Floodwaters from the bloated Mississippi River and its tributaries spilled across farm fields, cut off churches, washed over roads and forced people from their homes in the poverty-stricken Delta region.
Hundreds have left their homes in the Delta in the past several days as the water rose toward some of the highest levels on record.
The flood crest is expected to push all the way through the Delta by late next week.
Officials in the town, which has no local newspaper or TV stations, tried to reassure residents that they were doing what they could to shore up the levee would warn people if they needed to leave.

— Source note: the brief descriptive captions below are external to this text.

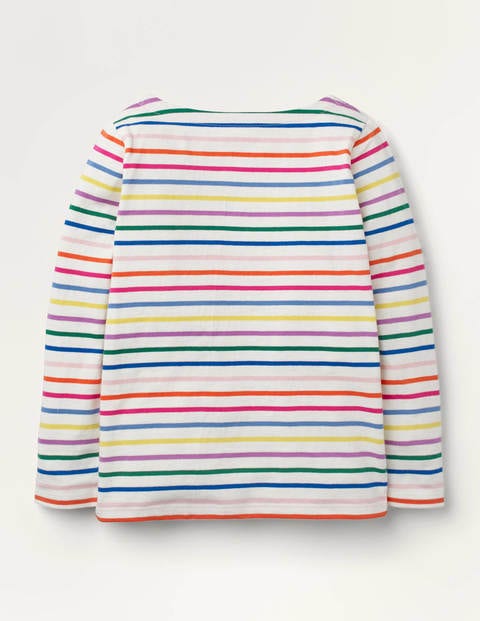 Everyday Breton - Rainbow Multi Stripe Everyday Breton - Rainbow Multi Stripe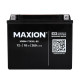 Мото акумулятор MAXION MXBM-YTX20L-BS (12V, 18Ah, 260A, -/+)
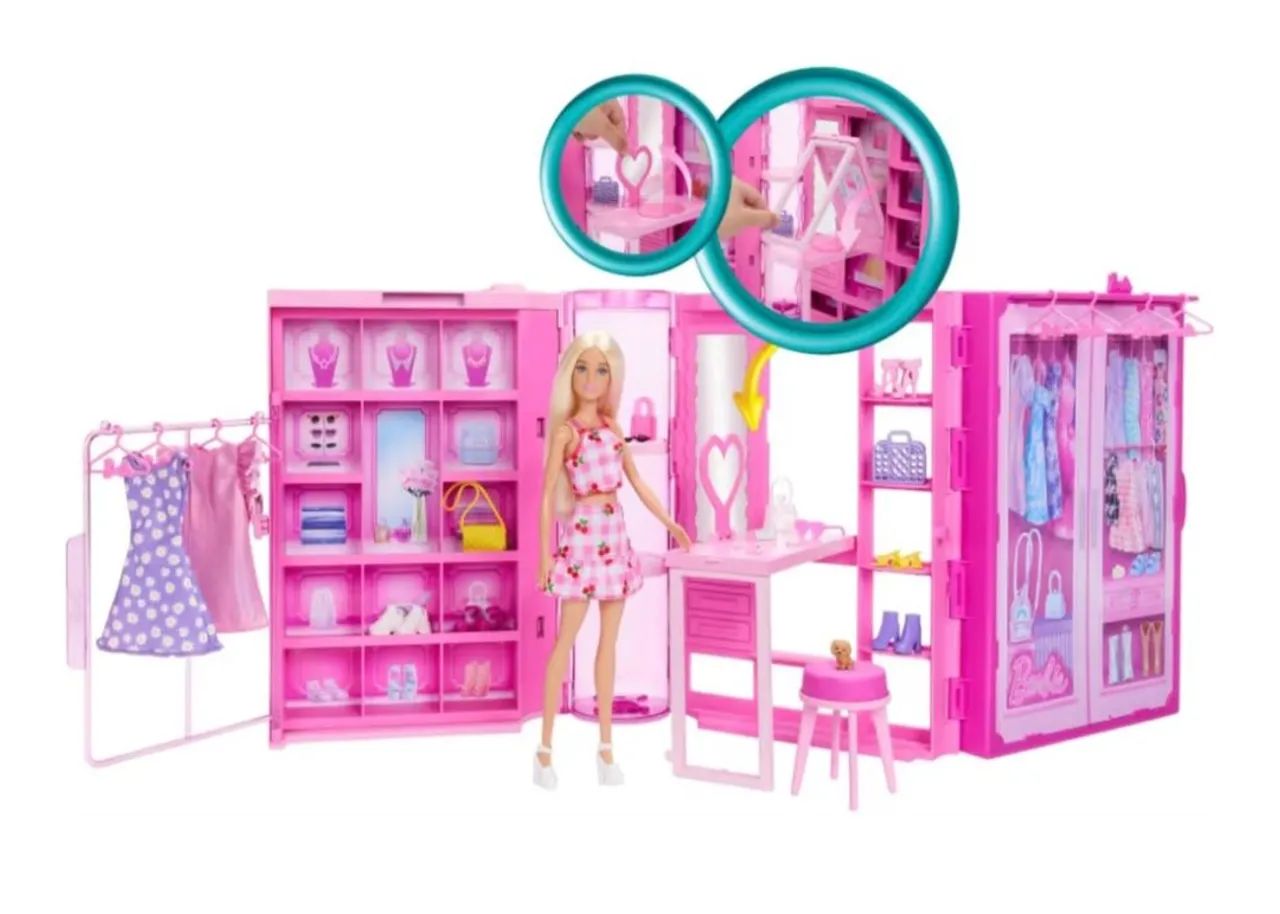 Closet da Barbie
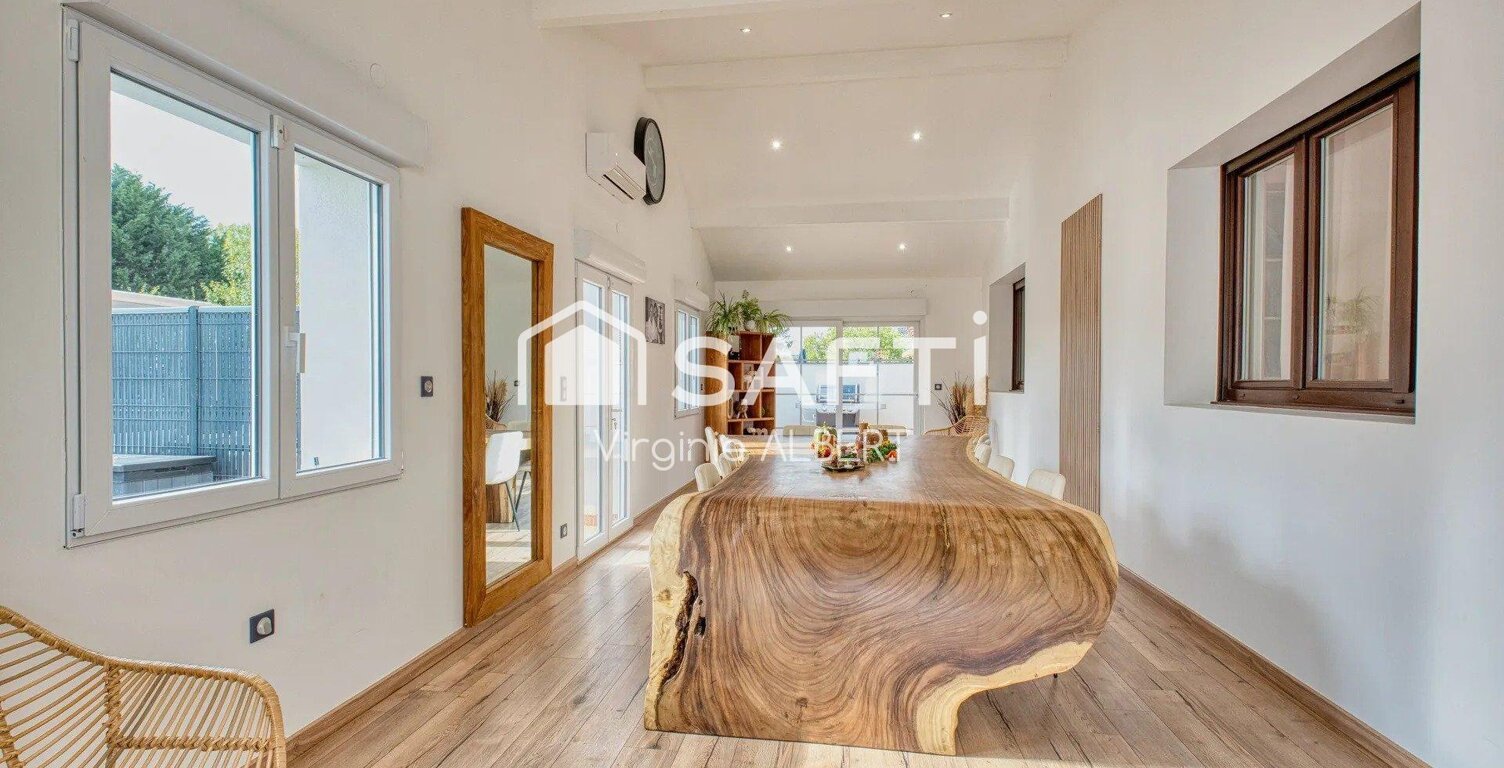 Maison de prestige de 225 m² de surface habitable totale, sur un terrain de 1100 m2, avec piscine, dépendances et espace professionnel/indépendant à Lemud (15 min de Metz) — photo 1
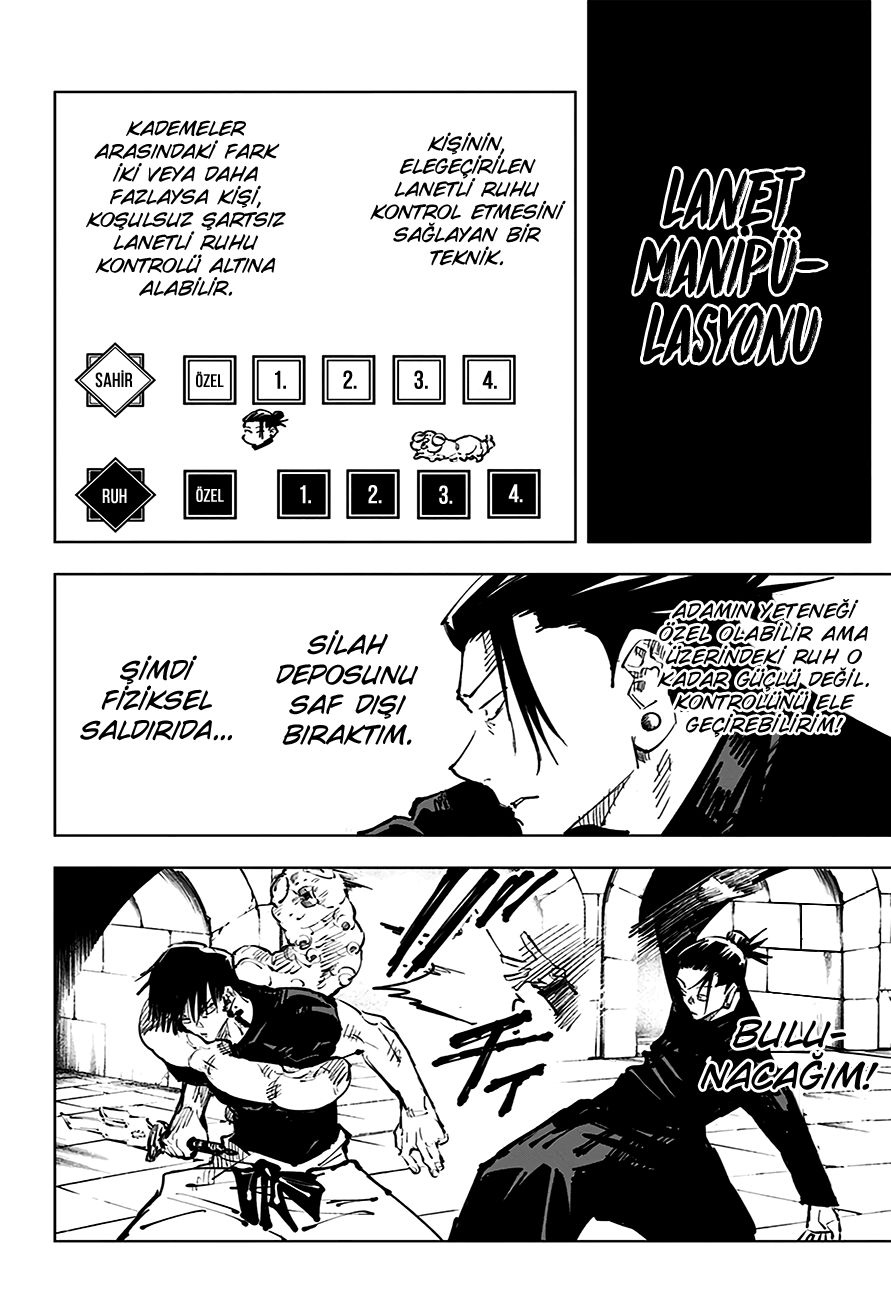 Read Jujutsu Kaisen Tr Manga Online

Mississippi governor Haley Barbour urged people to get out if they thought there was even a chance their homes would flood. He said there was no reason to believe a levee on the Yazoo River would fail, but if it did 32m of water would flow over small towns.
“More than anything else, save your life and don’t put at risk other people who might have to come in and save your lives,” he said.
Last night US president Barack Obama signed a disaster declaration for 14 counties in Mississippi because of the flooding. Housing and home repairs will be covered and low-interest loans to cover uninsured damage will be available.
The Mississippi Delta, with a population of about 465,000, is a leaf-shaped expanse of rich soil between the Mississippi and Yazoo Rivers, extending about 322km from Memphis, Tennessee to Vicksburg, Mississippi.
Swollen by weeks of heavy rain and snowmelt, the Mississippi has been breaking high-water records that have stood since the 1920s and 30s.
It is projected to crest at Vicksburg on May 19 and shatter the mark set there during the cataclysmic Great Flood of 1927. The crest is expected to reach New Orleans on May 23.
Even after the peak passes, water levels will remain high for weeks and it could take months for flooded homes to dry out.